Postado por Articulação Antinuclear BR em 14 setembro 2017 às 20:14 0 Comentários

A exposição fotográfica Hiroshima Nunca Mais já passou por Angra dos Reis e São Paulo, mostrando as contradições e o enfrentamento ao nuclear no mundo todo

Você sabe qual é a relação entre a tragédia do Césio-137 e o projeto da usina nuclear de Angra 3 ou com a contaminação de águas subterrâneas promovida pela mineração de urânio em Caetité, na Bahia? Embora aparentemente não conectados, esses eventos e atividades são frutos da política nuclear brasileira, cuja gestão e fiscalização ficam a cargo da Comissão Nacional de Energia Nuclear (Cnen) - dos aparelhos radiológicos às usinas nucleares de geração de energia que se abastecem de urânio. A exposição Hiroshima Nunca Mais chega à Goiânia no 30º aniversário da tragédia do Césio-137 para evidenciar essa relação e lembrar que os erros e omissões cometidos pela Cnen em Goiânia, em 1987, repetem-se em outros locais no Brasil. As fotografias ficam expostas do dia 18 de setembro a 21 de outubro, no espaço Culturama, com entrada gratuita.

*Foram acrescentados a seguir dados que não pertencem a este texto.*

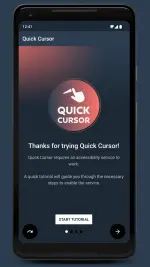 quick-cursor-one-handed-mode-7-500x889.webp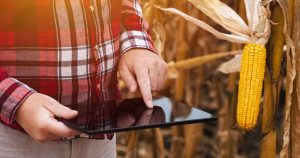 Era Digital: cuáles son los nuevos desafíos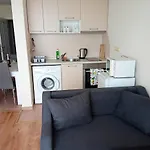 Lejlighed Cozy In Grand Noks With Sea View Sveti Vlas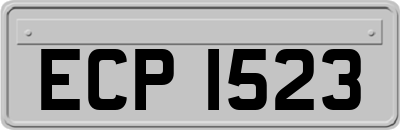 ECP1523
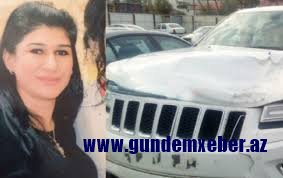 Şəhid qızınının ölümü- işdən qovulan müstəntiq məhkəmədə dindirildi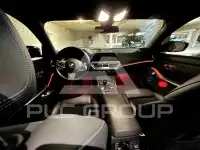 2020 BMW 330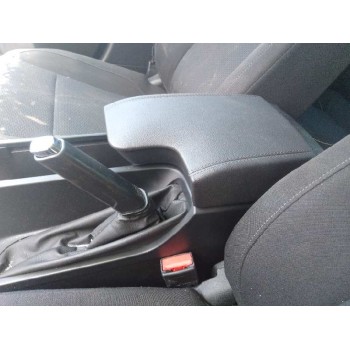 opel insignia grand sport del año 2017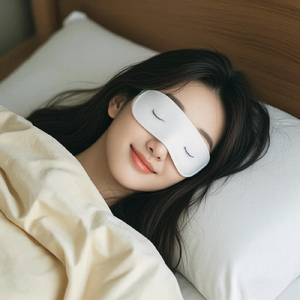 我们的魔法睡眠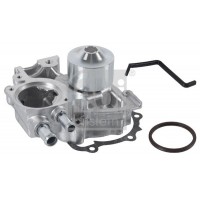 173404 FEBI BILSTEIN Водяний насос охолодження двигуна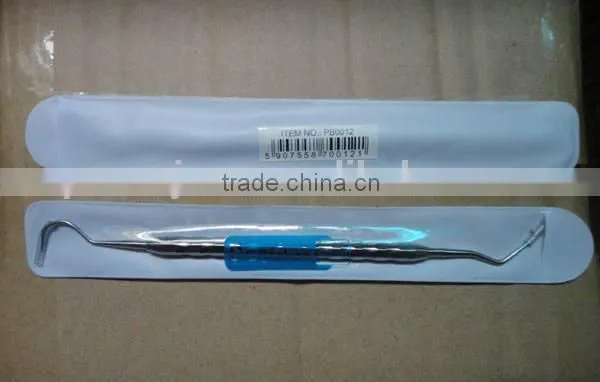 Dental Hand Instruments photo-2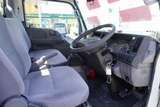 2015 Isuzu ELF VAN Truck for sale, Japanese used car export - photo 3 of 9 | GULJI TRADERS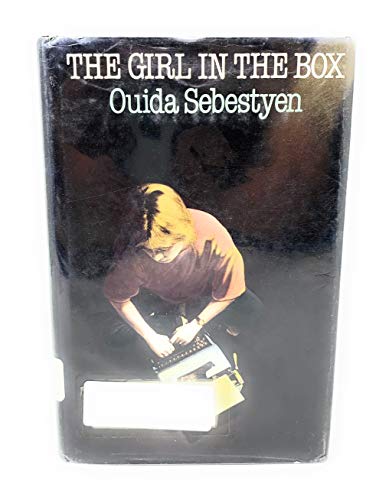 The Girl in the Box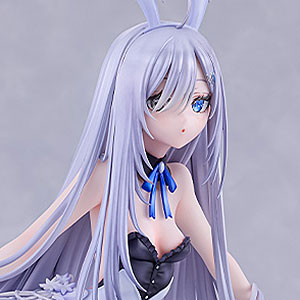 美少女フィギュア]-あみあみYahoo!店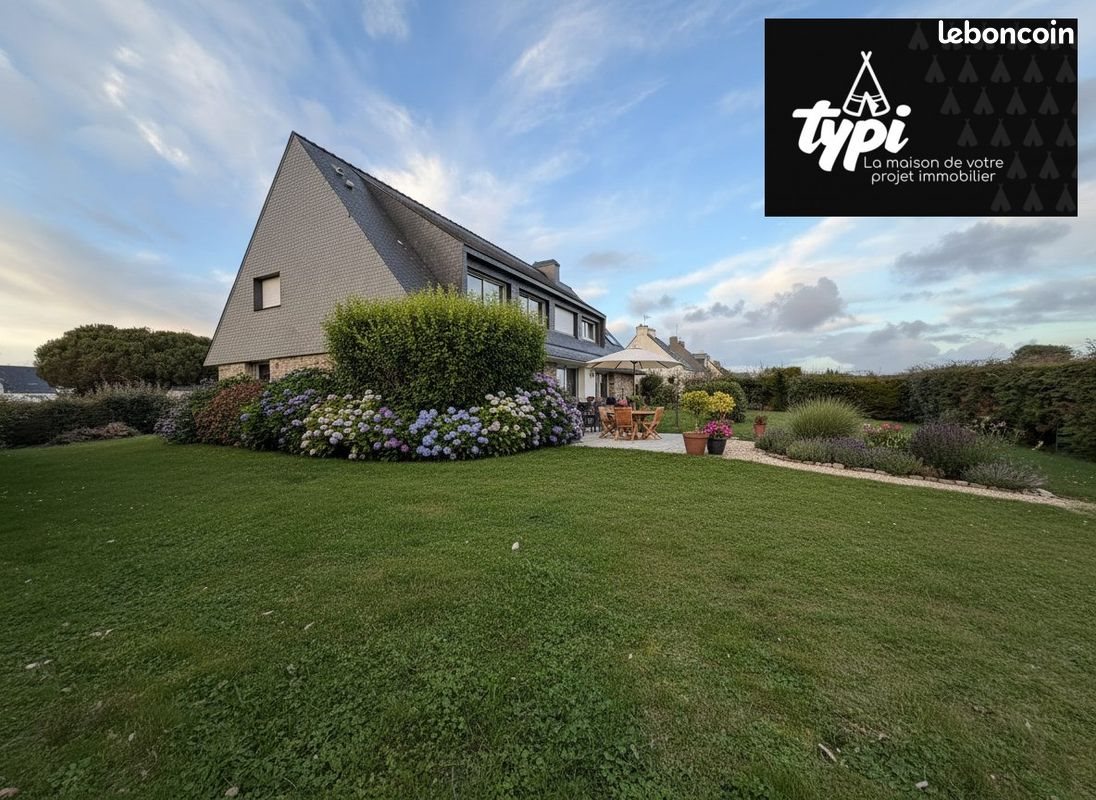 Maison à vendre, 220m², Paris 1er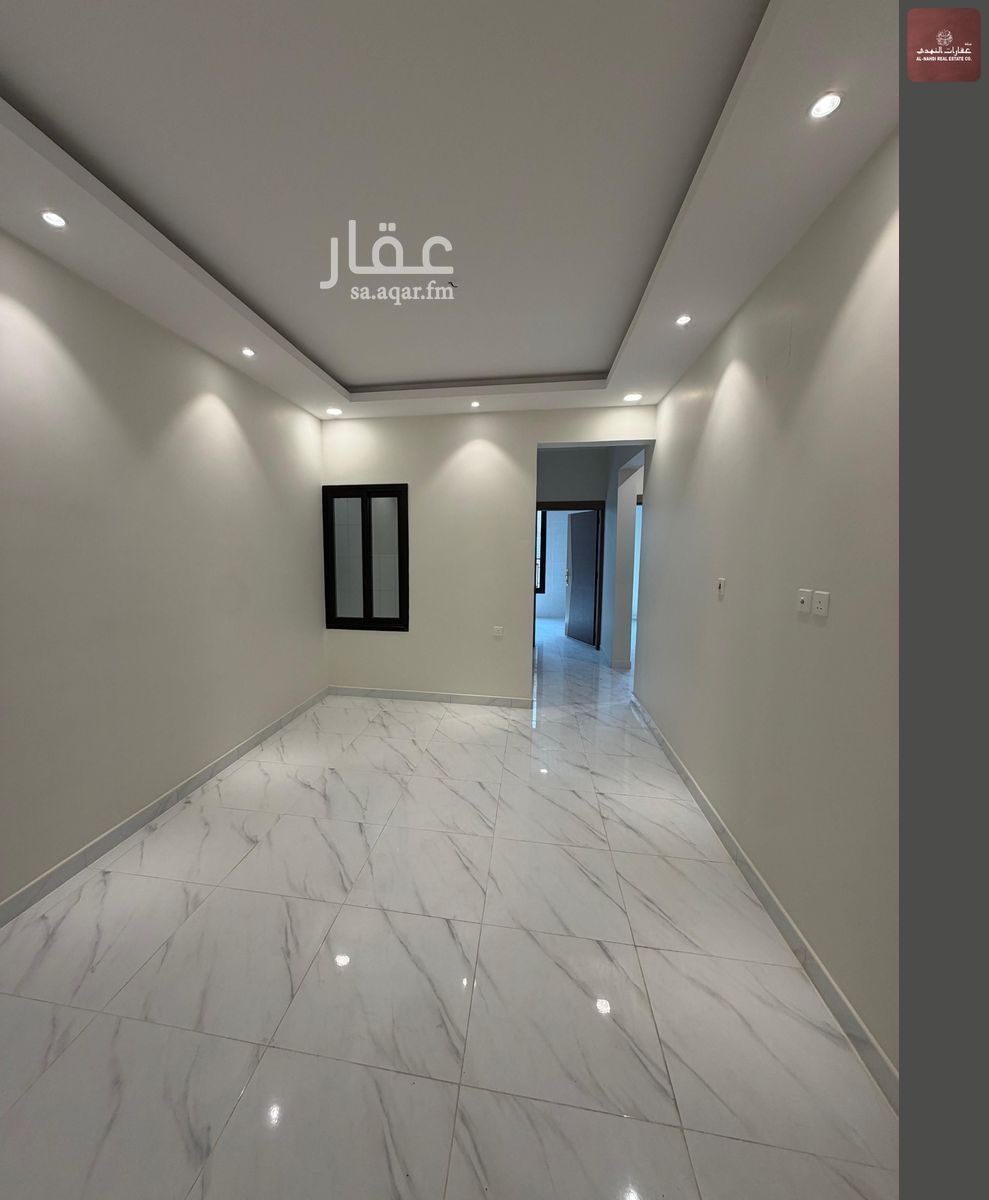2 bedroom apartment in Al Aqrabiyah, Eastern Province 7
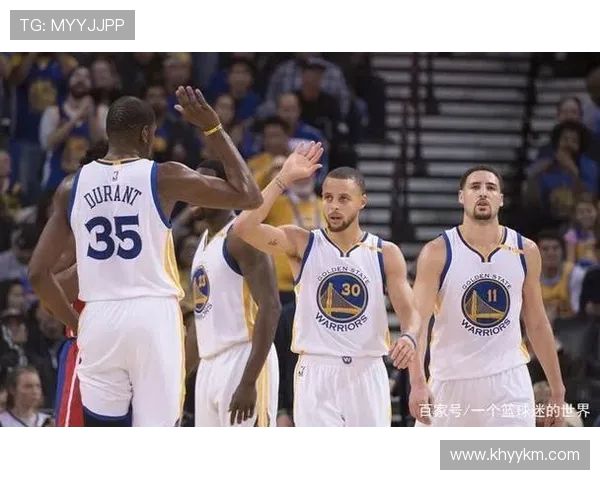 深度对话：周伟在篮球世界中的成长与追求之路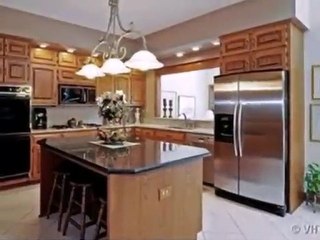 Homes for Sale - 1265 Academy Ln - Wheaton, IL 60189 - Coldw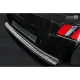 Tagumise põrkeraua kaitse - Peugeot 3008 (2016-2023)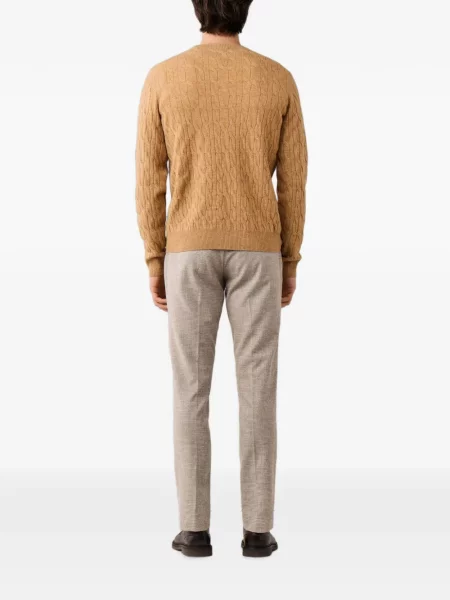 Hanorac Hackett London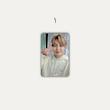 Jimin photocard 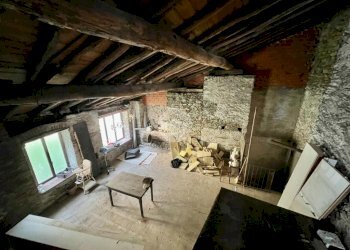 Independent house Fazione grangia, Traves - photo 37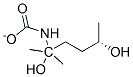 CAS 396074-51-4 structure
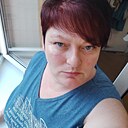 Татьяна, 43 года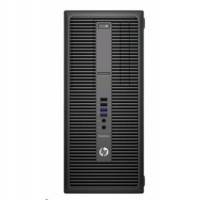 HP EliteDesk 800 G2 T4J48EA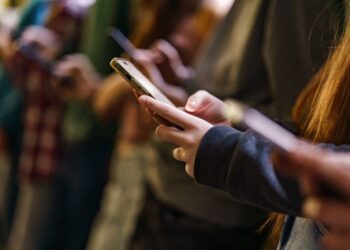 Teachers are in denial about what their profession has become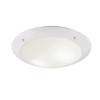 Spoljna plafonjera CAMARO - R60502031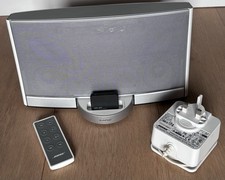 Bose SoundDock Portable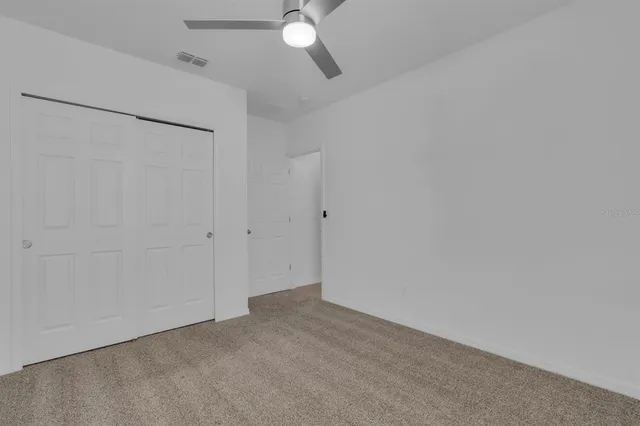 $425,000 | 4675 Sidesaddle Trail, St. Cloud, FL 34772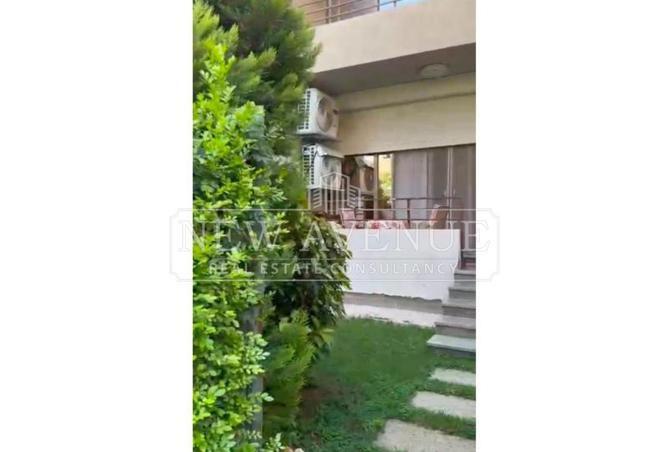 97142771 - صورة العقار 3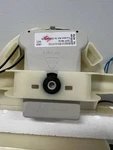 Genuine Oem Miele Fan 115V 7226824 - B35 Iplushop Parts BG2012 55310 07331. Fixed Price $329.90.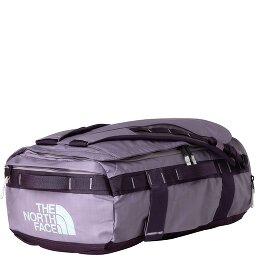 The North Face Mochila Base Camp Voyager 32L 57 cm  Modelo 6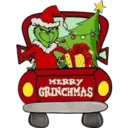 ស្ទីកเกอร์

A exposição que os goianienses conferem a partir do dia 18 nasceu em 2015, em Angra dos Reis, a partir da proposta da Sociedade Angrense de Proteção Ecológica (Sapê) de trabalhar a temática da luta antinuclear a partir da arte. O ano de 2015 marcou os 70 anos do lançamento das bombas nucleares de Hiroshima e Nagasaki, marco da entrada da humanidade na era nuclear. No ano seguinte, a exposição esteve em cartaz em São Paulo e agora desembarca em Goiânia, para se somar aos eventos que estão relembrando os 30 anos da tragédia do Césio-137.

Através das lentes de Amirtharaj Stephen, Dan Budnik, Elin O’Hara Slavick, Herval Silva, Hiromichi Matsuda, Igor…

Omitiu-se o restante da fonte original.